Photo: Chris Gordon
I’m afraid I’ve got some bad news. Mikhail Grabovski is now a former Capital. Wednesday afternoon, Grabo signed a four-year, $20 million deal with the Metropolitan rival New York Islanders. The talented center will be on Long Island until he’s 34.
Grabo’s deal is one year shorter and worth $7.5 million less than the contract Brooks Orpik signed with the Caps. I can’t wait to see how well that works out.
Last night, while discussing his new toys, Capitals general manager Brian MacLellan admitted that he chose a second defenseman over re-signing Grabovski because the Belorussian was unrealistic with his contract demands.
“I’m not sure where [Grabovski’s contract] is going to end up,” MacLellan told the gathered media. “At some point we had to make a decision whether we wanted to go two defensemen or one defenseman, and we made the decision for two.”
According to MacLellan, Grabovski was forced to lower his number on Wednesday. He also expressed disappointment that Grabo couldn’t present the team with a more realistic offer “two, three days ago.”
The Washington Post’s Alex Prewitt spoke to Grabovski’s agent Gary Greenstin on Wednesday, and Grabo’s rep said that he never thought the Capitals were very serious in retaining their client.
Asked Grabovski's agent if he ever felt they were ever close with the #Caps on a deal. Said discussions were all "just talk," not serious.
— Alex Prewitt (@alex_prewitt) July 2, 2014
Without Grabovski, the Capitals, with only $1.2 million left in cap space, must get creative to fill their not-at-all-new second line center hole. They can choose to find a cheaper option on the free market, make a trade (they have a lot of veteran options to deal at forward), or look internally.
A few weeks ago, MacLellan pointed at Brooks Laich, Marcus Johansson, and prospect Evgeny Kuznetsov as potential replacements, though each are not optimal solutions. Laich is injury prone and more of a defensive specialist. Johansson has played wing lately and is unproven. Kuznetsov has the offensive ability to handle the new position, but is very poor at face-offs and is still learning the North American game.

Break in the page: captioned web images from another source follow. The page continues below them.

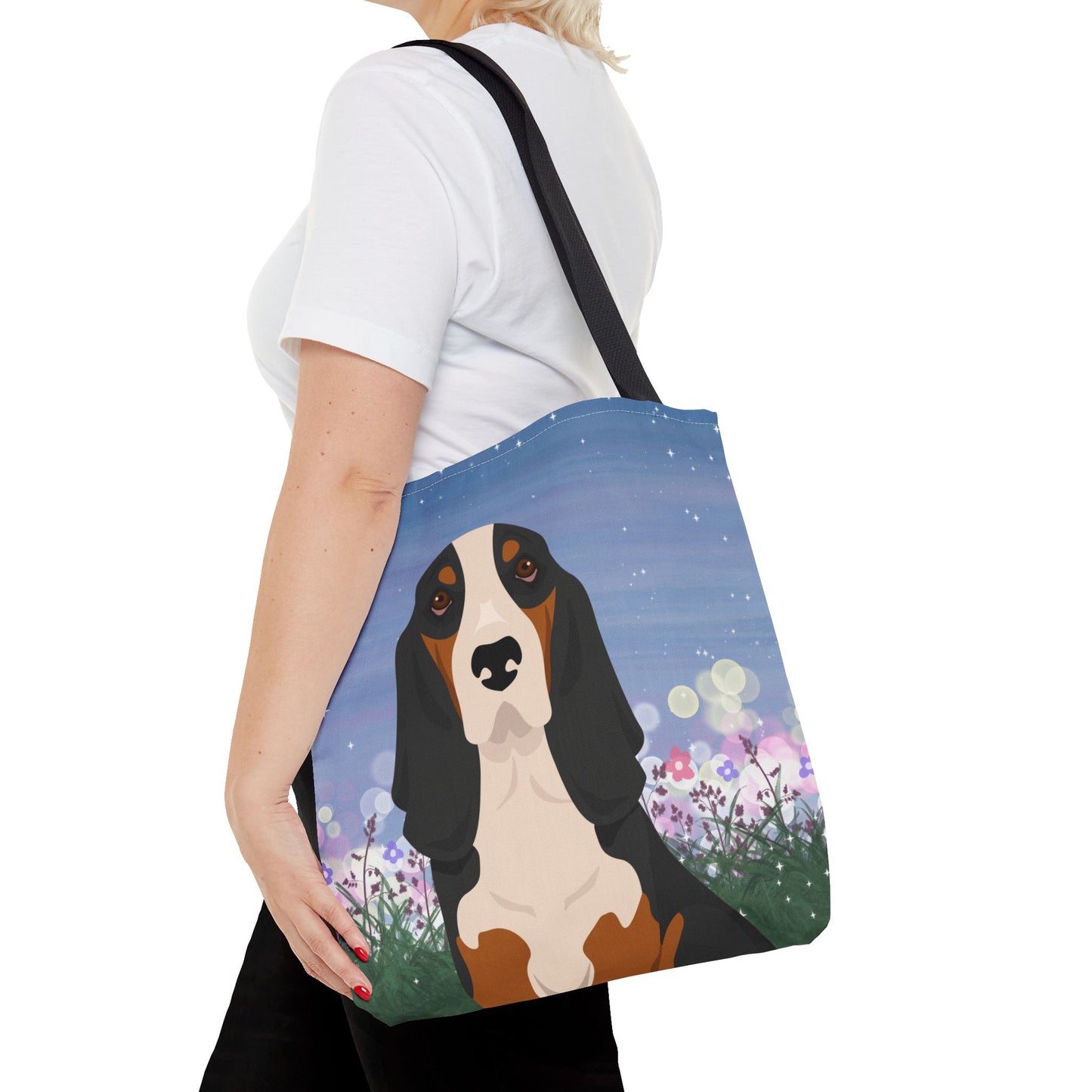 Basset Hound Dog Tote Bag 16x16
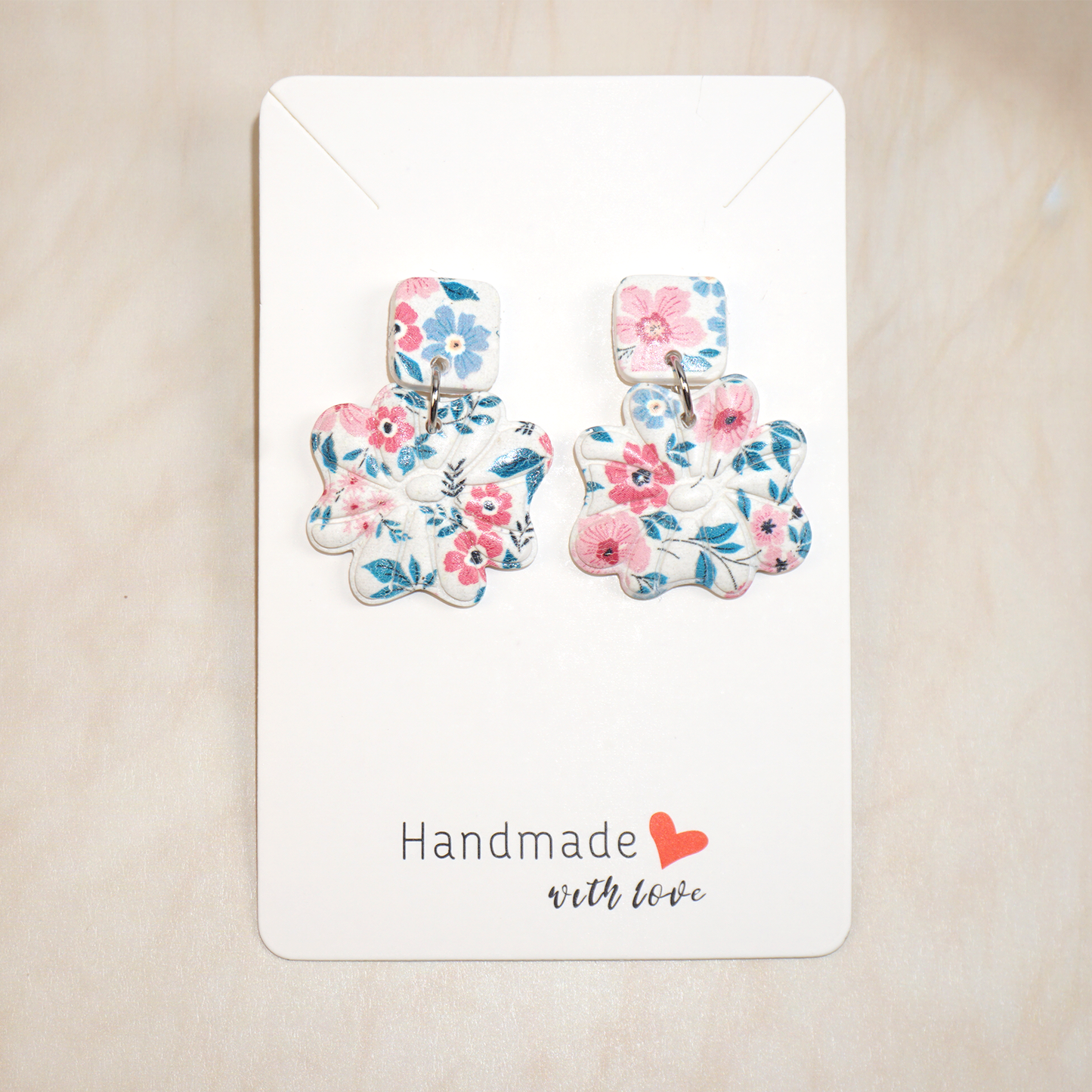 Blessyoart Polymer Clay Earrings,Handmade DIY Clay Jewelry for Women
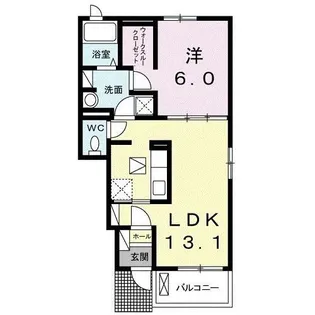 ラ・カーサ【1階】の間取り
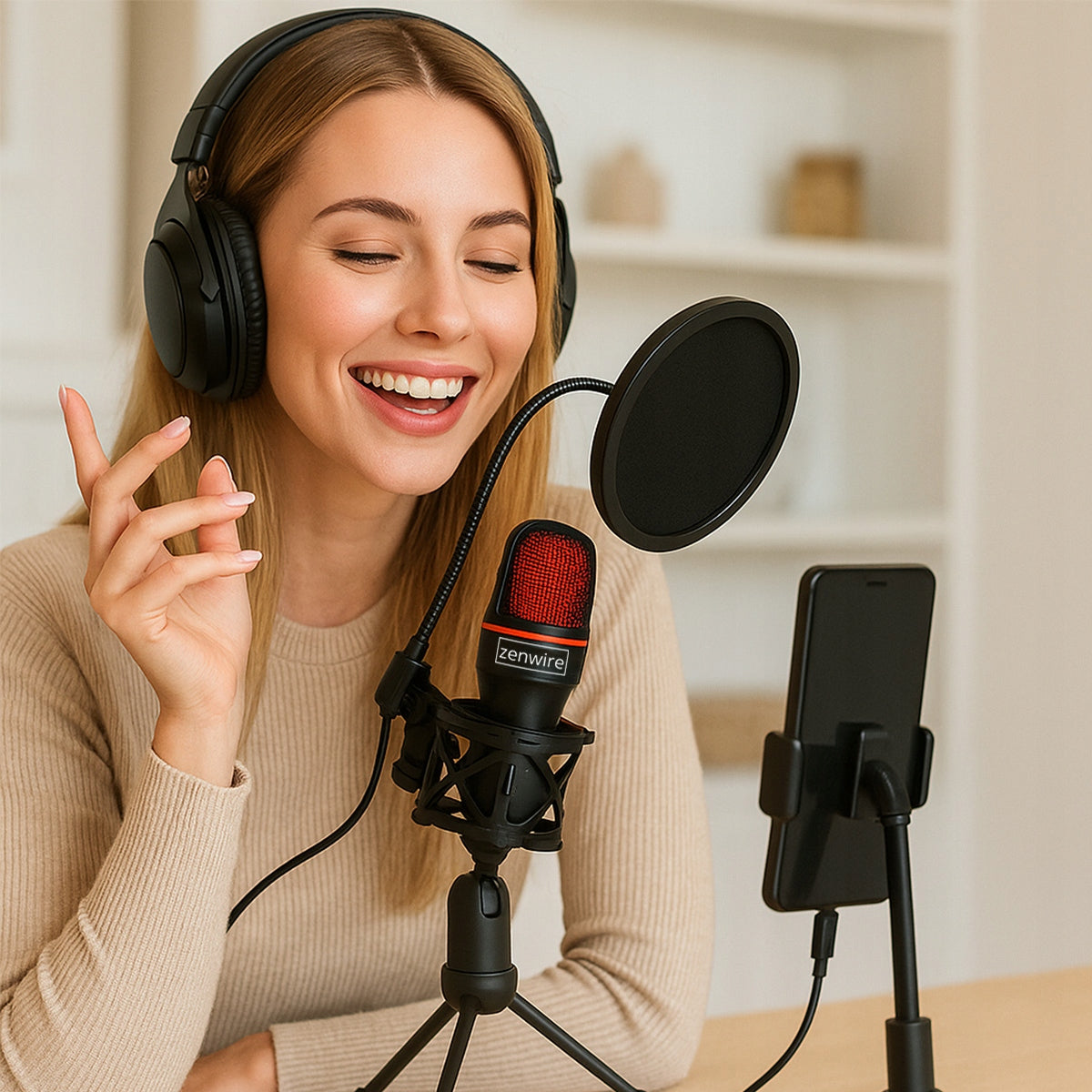 Microphone for Laptop Computer Capacitive Studio Gaming TRIPOD USB-C Packaging status original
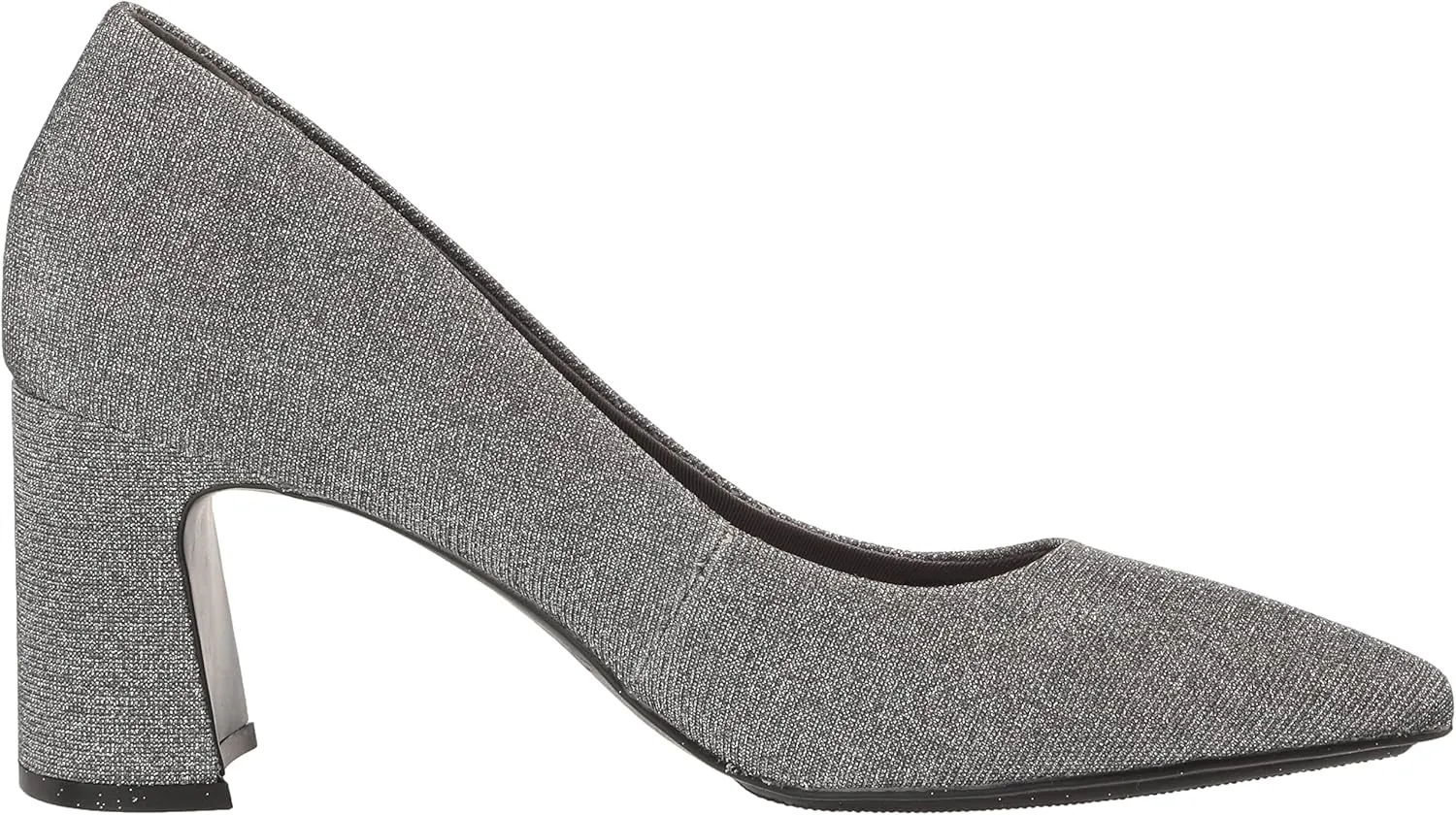 Anne Klein Womens Benedette Padded Insole Faux Leather Pumps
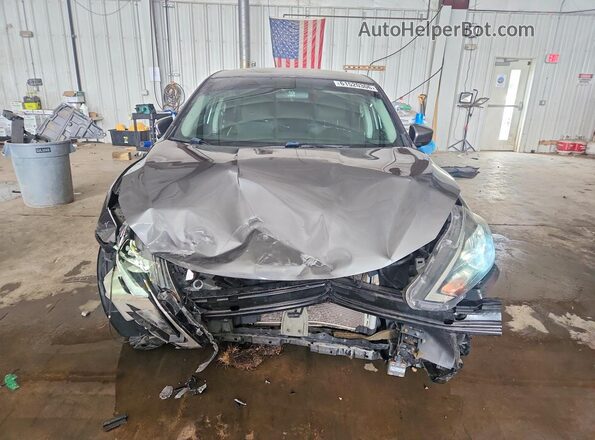 3N1AB7AP3KY274775 2019 NISSAN SENTRA Gray Front view
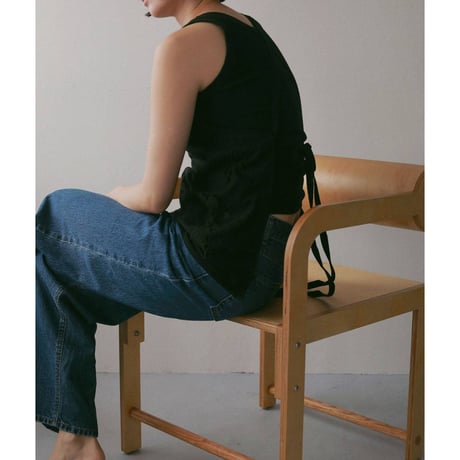【anuke】Cutwork Lace Apron　※納期3月中旬〜4月中旬
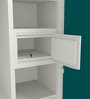 Aceline Printed Steel 2 Door Wardrobe In Textured Foliage Green Colour With Locker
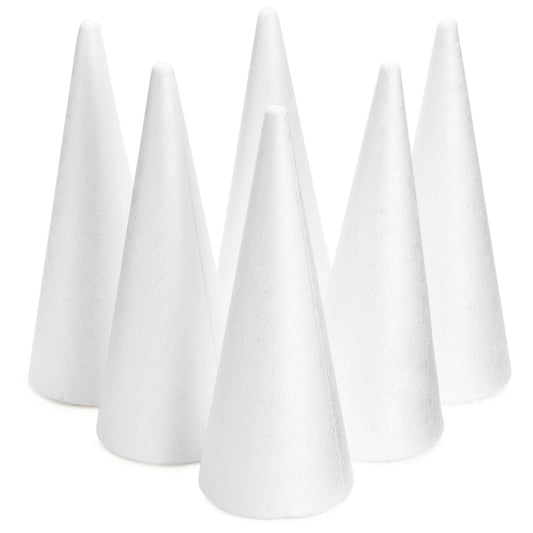 6-Pack Foam Cones for Crafts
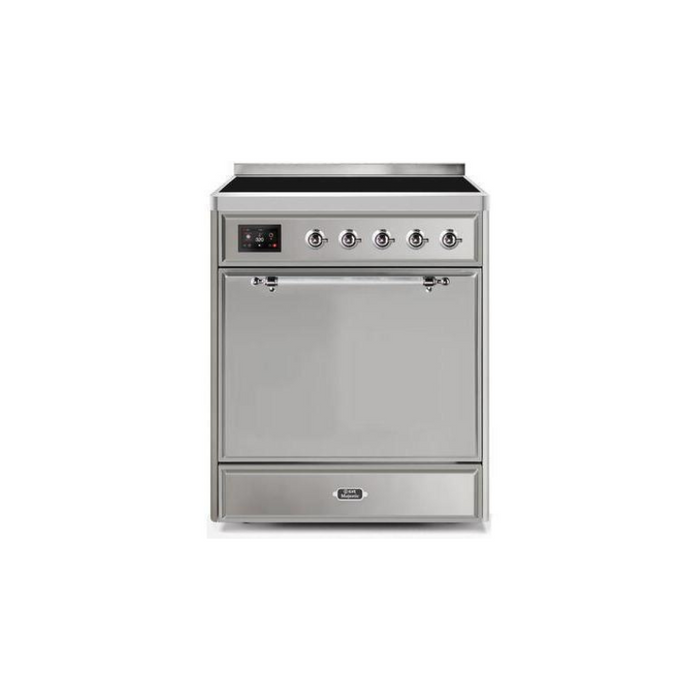 ILVE 30" Majestic II Series Induction Range with 4 Elements 2.3 cu. ft. Total Oven Capacity TFT Oven Control Display (UMI30QNE3)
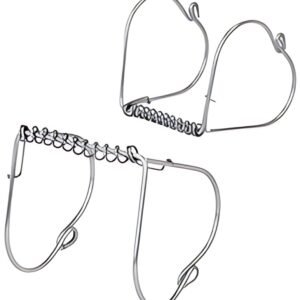 metaltex Pince à roulade, inox, set de 4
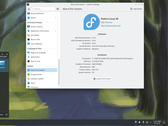 En skrivbordsmiljö som kör Fedora Linux avbildad.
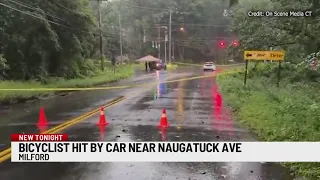 Bicyclist struck in area of Naugatuck Avenue in Milford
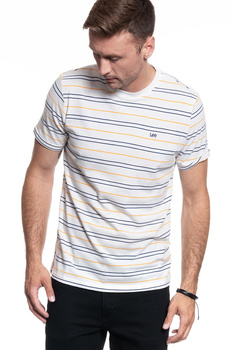 LEE STRIPE TEE RADIANT YELLOW L62FFPLG 112114553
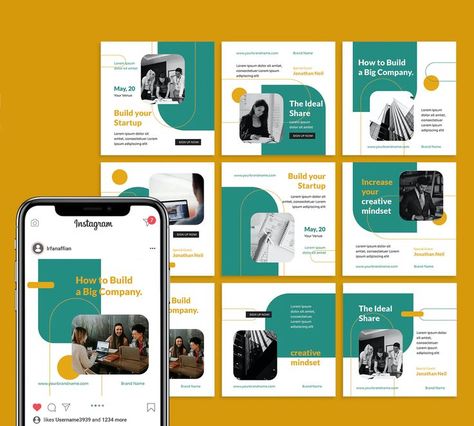 Business Instagram Post Design AI, EPS, PSD - 9 Different layouts Information Instagram Post, Fun Fact Instagram Post Design, Instagram Information Post Design, Multiple Post Instagram Design, Informative Instagram Post, Business Instagram Post, Instagram Post Design, Carousel Post, Instagram Branding Design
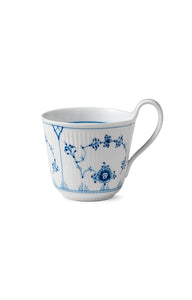 Blue Fluted Plain High Handle Mug 11 Oz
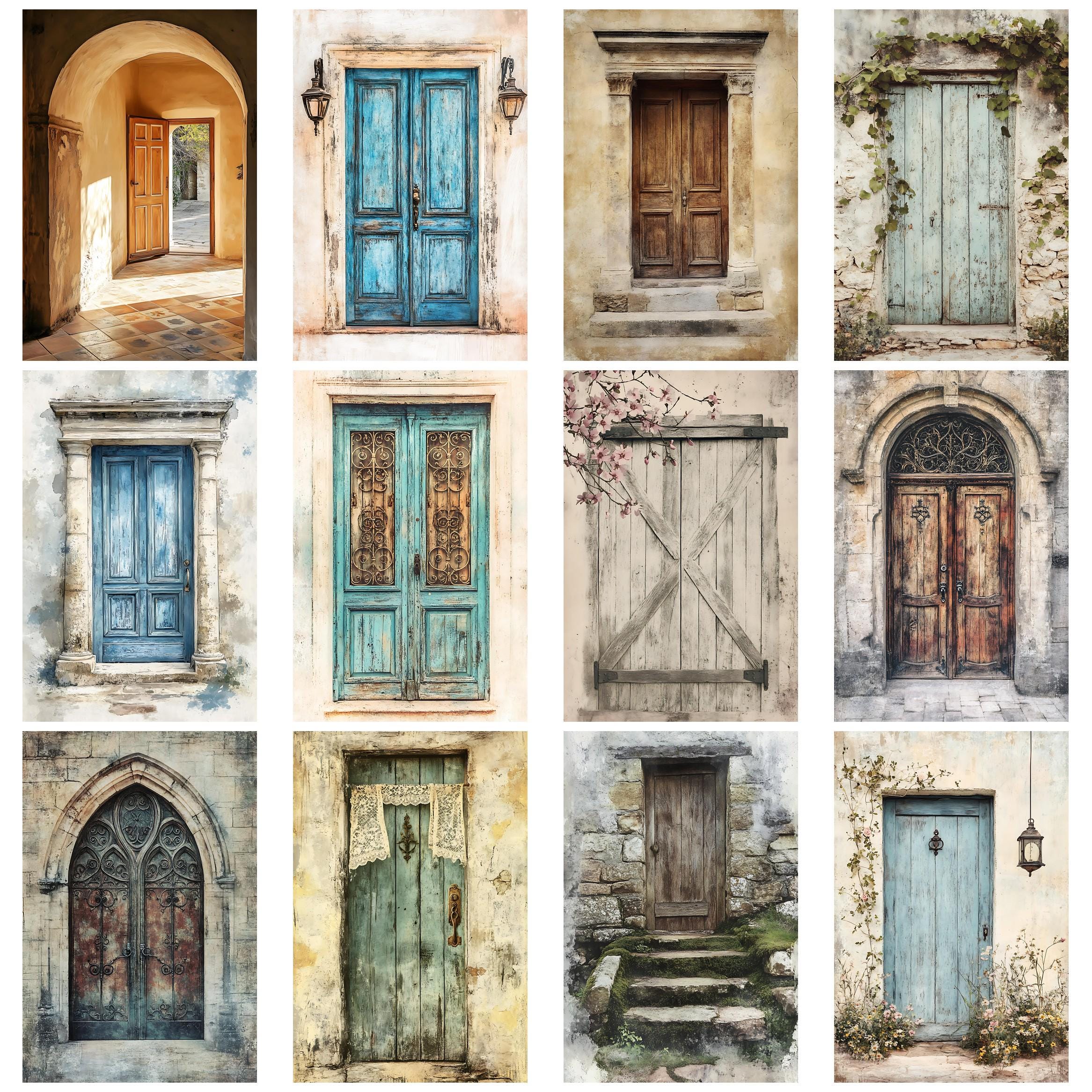 Rustic Vintage Doors Junk Journal Printable Ephemera Collage Papers ...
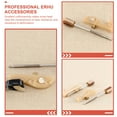 thumbnail image 3 of Raindrops Musicians Erhu Bow Replacement Part Imitation Agate 1 Set, 3 of 8
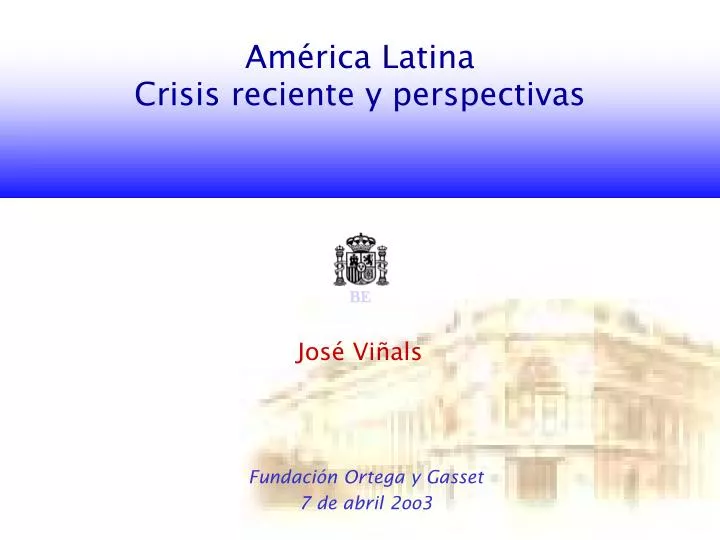 am rica latina crisis reciente y perspectivas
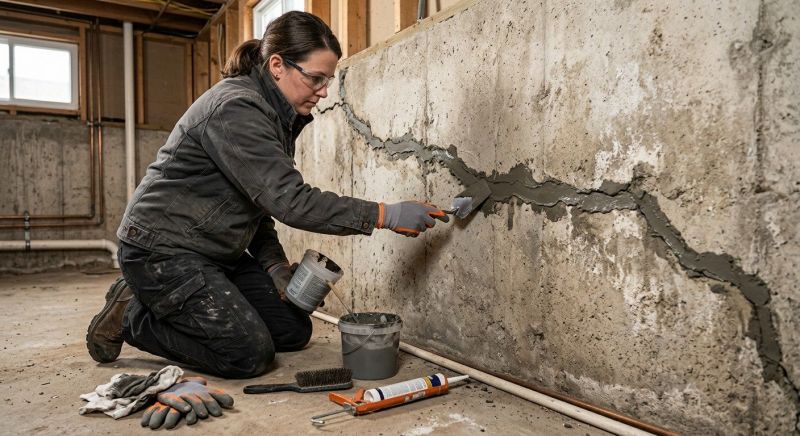 Cracked Basement Floor Repair in Hinesville, GA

In the end, Grabovski will be a difficult player to replace. He finished the year as the team’s best possession player at forward and helped bring offense to both the second and third lines. He also had a ton of chemistry with Alex Ovechkin when he played with him. I’ll even go one further: if Grabovski would not have suffered an ankle injury mid-way through the season, his presence alone likely would have pushed the Capitals into the playoffs.
Instead, now he’s gone. It will be interesting to see what the team does to respond to his loss.